Exercise data:
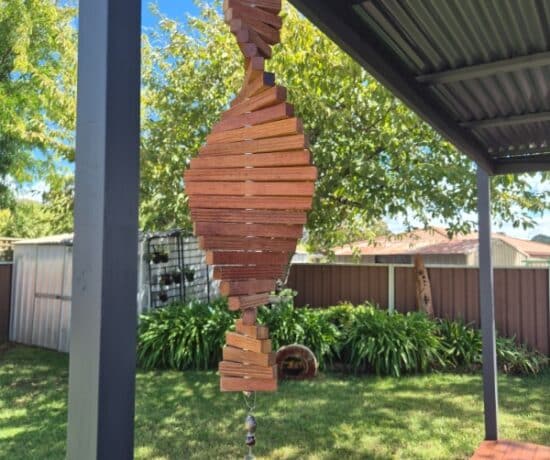 wooden wind spinner hanging in the wind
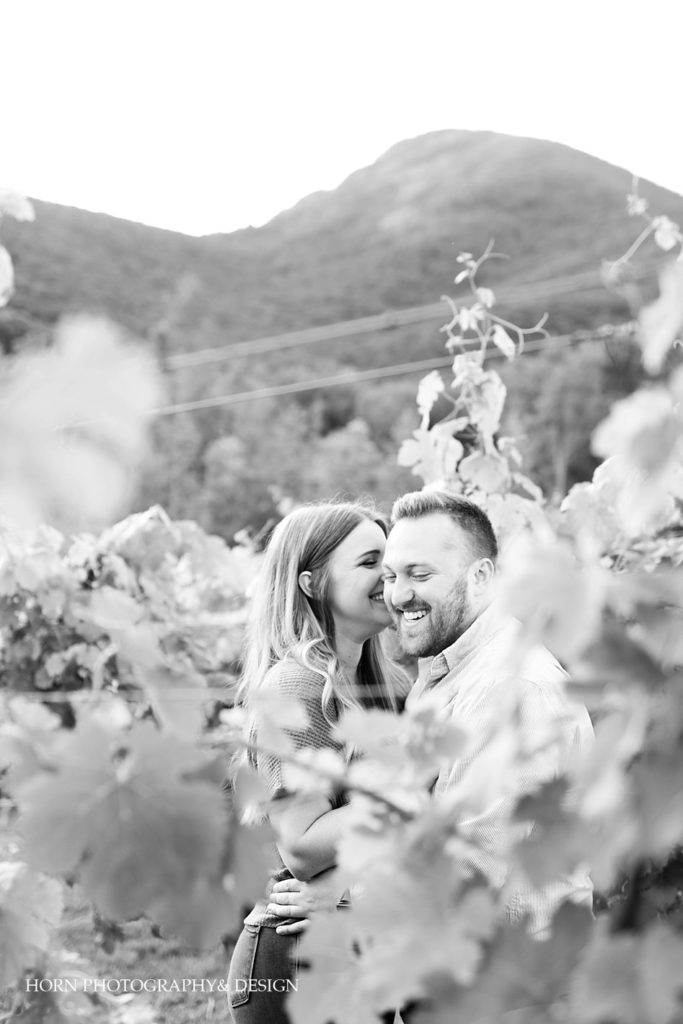 black and white candid engagement photography pose in mountain vineyard Atlanta Georgia horn photography and design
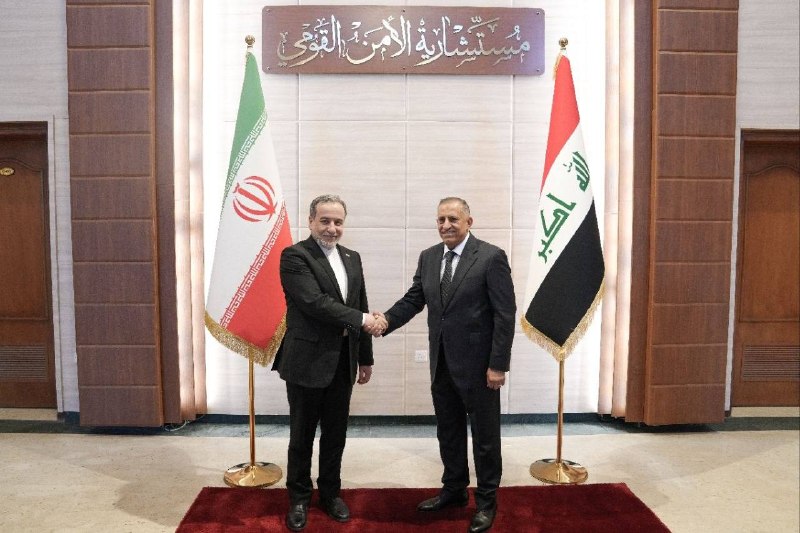 A group of men seated on couches face two men seated centrally in an ornate, wood-paneled room featuring a chandelier, bookshelves, and an Iranian flag.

Exercise description: Beginning at the line containing "black and white", restate every line through the end of the material above exactly; omit the pictures.

Final answer:
 black and white candid engagement photography pose in mountain vineyard Atlanta Georgia horn photography and design
 A group of men seated on couches face two men seated centrally in an ornate, wood-paneled room featuring a chandelier, bookshelves, and an Iranian flag.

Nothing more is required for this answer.